The NBA 2017–2018 regular season is winding down to a wild finish, as teams continue to fight for a playoff spot. Though the trade deadline has long been over, a new rumor surrounding the deal that involved Kyrie Irving and Isaiah Thomas surfaced, revealing an interesting plot.
According to ESPN's Dave McMenamin and Brian Windhorst, Cleveland Cavaliers superstar LeBron James was not a happy camper with regards to how the Irving-Thomas deal panned out. The ESPN report said that James was frustrated at the Cavaliers organization's inability to snag more valuable assets from the trade with the Celtics. Moreover, James was reportedly skeptical of the deal, noting the hip injury sustained by Thomas.
McMenamin and Windhorst said that sources close to the four-time league MVP shared that James was disappointed at the front office's reworking of the deal once the severity of Thomas' injury became more evident as the season progressed.

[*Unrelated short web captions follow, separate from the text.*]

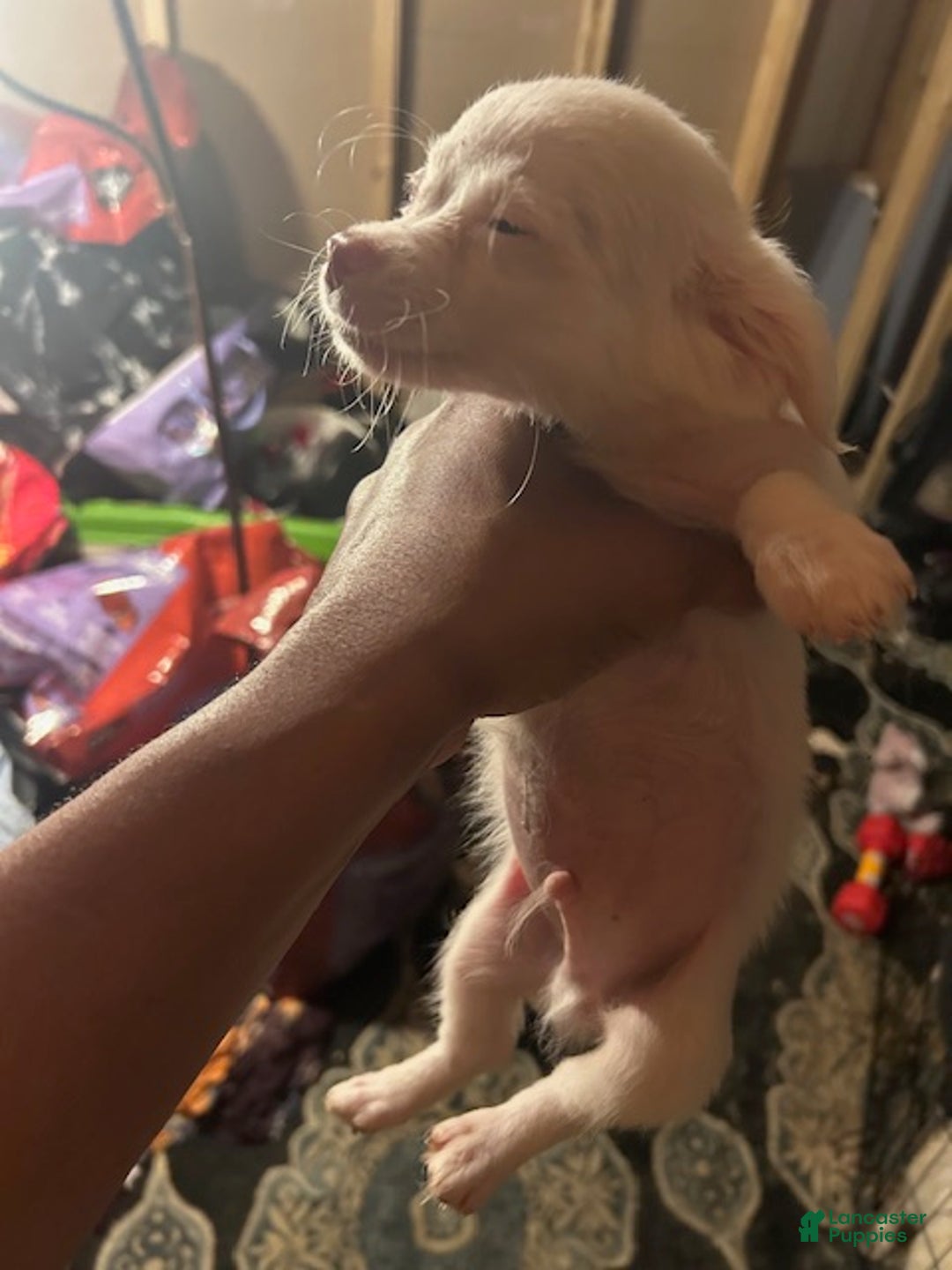 Pomchi dogs for sale: Pomchi Puppy 3 - Ad 1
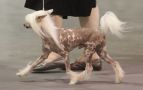 Reecreat'n Greatxpectations Chinese Crested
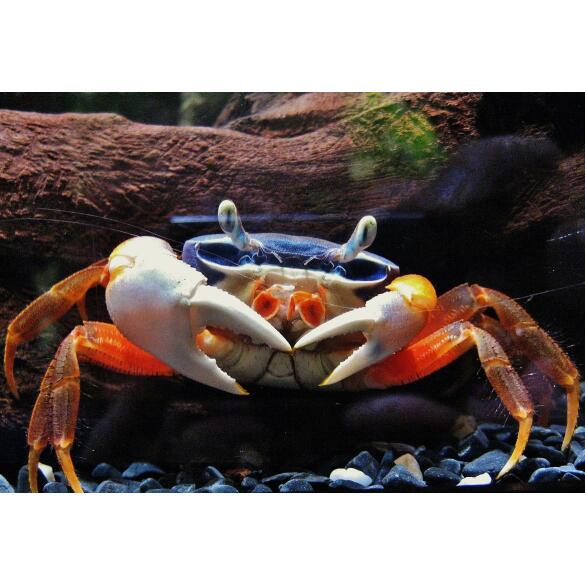 Краб радужный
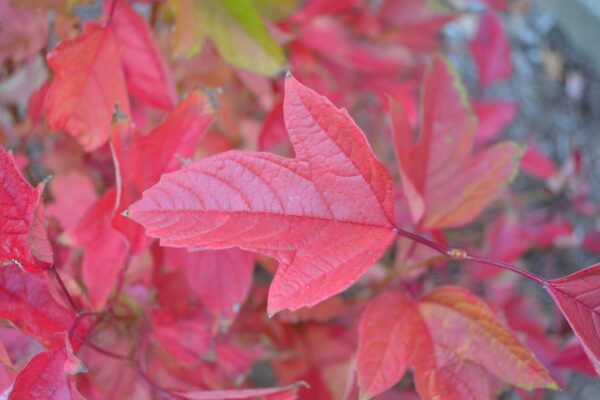 Viburnum trilobum ′Alfredo′ - Fall Leaf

A report from NESN pointed that James' dismay for the whole trade ordeal may have been justified, considering Thomas' brief and forgettable stay with the Cavaliers.
The Cavaliers are having a rollercoaster season with a 38–28 win-loss record, enough to keep them in fourth place in the Eastern Conference. With the team struggling, talks of James leaving the team in the offseason are growing louder and louder.
A few days before the Cavaliers faced the LA Lakers and the LA Clippers in Los Angeles last weekend, a "super fan" put up a billboard in LA, clad in purple and gold, with the hashtag "#LABron," as well as the message, "Cleveland and Philly, You Can't Compete with L.A."
NBC Los Angeles noted that the billboard was paid for by Jacob Emrani, a personal injury lawyer who is an avid fan of the LA Lakers. Emrani reportedly paid for a total of four billboards, with the others saying, "FORGET THE PROCESS, WE WIN BANNERS," which is a swipe at the billboard pitch from Philadelphia 76ers fans.
Emrani said that James could very well "cement his legacy" if he chooses to join the Lakers and help the struggling franchise win an NBA championship.